Work instructions -> Report how many lines below include the string "with". Please keep the reply to that number.

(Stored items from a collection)
────

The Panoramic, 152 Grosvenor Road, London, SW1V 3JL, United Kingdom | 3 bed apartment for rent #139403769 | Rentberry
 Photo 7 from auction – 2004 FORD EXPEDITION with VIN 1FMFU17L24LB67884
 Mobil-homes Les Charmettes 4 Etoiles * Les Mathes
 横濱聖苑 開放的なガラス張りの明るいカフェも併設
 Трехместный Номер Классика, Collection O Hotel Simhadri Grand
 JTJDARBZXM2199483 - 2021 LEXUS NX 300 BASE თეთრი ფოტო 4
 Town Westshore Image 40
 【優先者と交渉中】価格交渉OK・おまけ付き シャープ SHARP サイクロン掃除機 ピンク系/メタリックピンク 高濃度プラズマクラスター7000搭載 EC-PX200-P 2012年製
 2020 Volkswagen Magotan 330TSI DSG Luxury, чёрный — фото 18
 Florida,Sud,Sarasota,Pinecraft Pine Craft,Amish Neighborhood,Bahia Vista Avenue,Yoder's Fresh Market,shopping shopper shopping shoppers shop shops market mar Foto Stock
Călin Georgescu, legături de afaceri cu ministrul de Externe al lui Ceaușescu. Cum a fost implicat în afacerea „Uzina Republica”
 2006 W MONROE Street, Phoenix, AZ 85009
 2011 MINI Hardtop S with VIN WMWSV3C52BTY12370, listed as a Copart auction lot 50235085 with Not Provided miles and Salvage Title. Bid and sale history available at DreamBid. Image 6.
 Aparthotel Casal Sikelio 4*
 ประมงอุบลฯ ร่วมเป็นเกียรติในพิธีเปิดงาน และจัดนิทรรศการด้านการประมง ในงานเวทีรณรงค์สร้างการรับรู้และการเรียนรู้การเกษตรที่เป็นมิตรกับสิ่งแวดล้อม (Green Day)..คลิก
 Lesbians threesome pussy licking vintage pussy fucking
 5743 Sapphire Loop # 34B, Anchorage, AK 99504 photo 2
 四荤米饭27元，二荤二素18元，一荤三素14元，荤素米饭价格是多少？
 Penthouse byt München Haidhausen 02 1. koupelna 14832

────

Result of the exercise -> 2